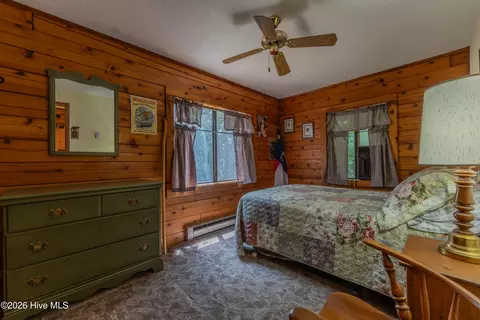 Bedroom - 110 Abbygale Rd, Murphy, NC 28906 photo 5 of 7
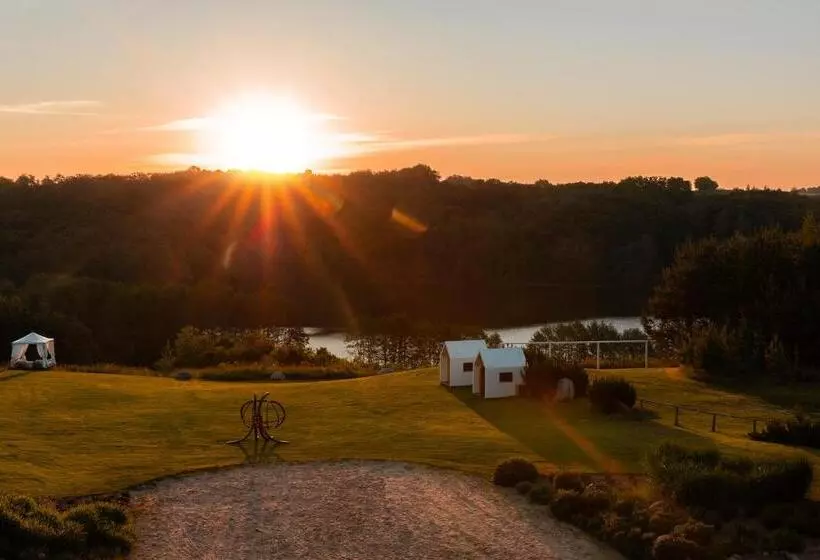 Отель Gleboczek Vine Resort& Spa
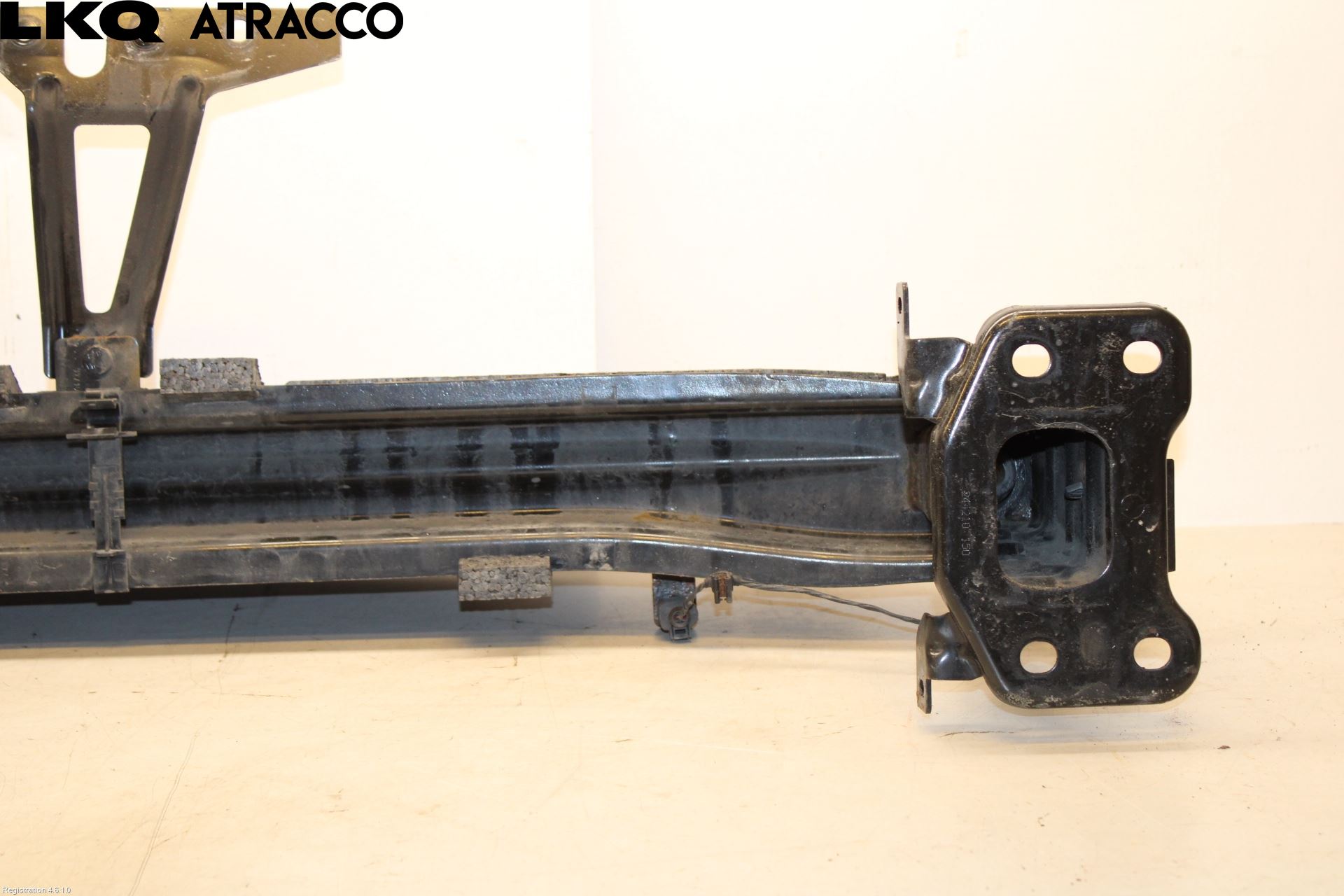 Skoda SUPERB 09-15 Støtfanger Foran Bjelke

════

**Exercise details**
Pass over the images and copy the rest of the material above exactly.

**Result of this task**
 Bedroom - 110 Abbygale Rd, Murphy, NC 28906 photo 5 of 7
 Отель Gleboczek Vine Resort& Spa
 Skoda SUPERB 09-15 Støtfanger Foran Bjelke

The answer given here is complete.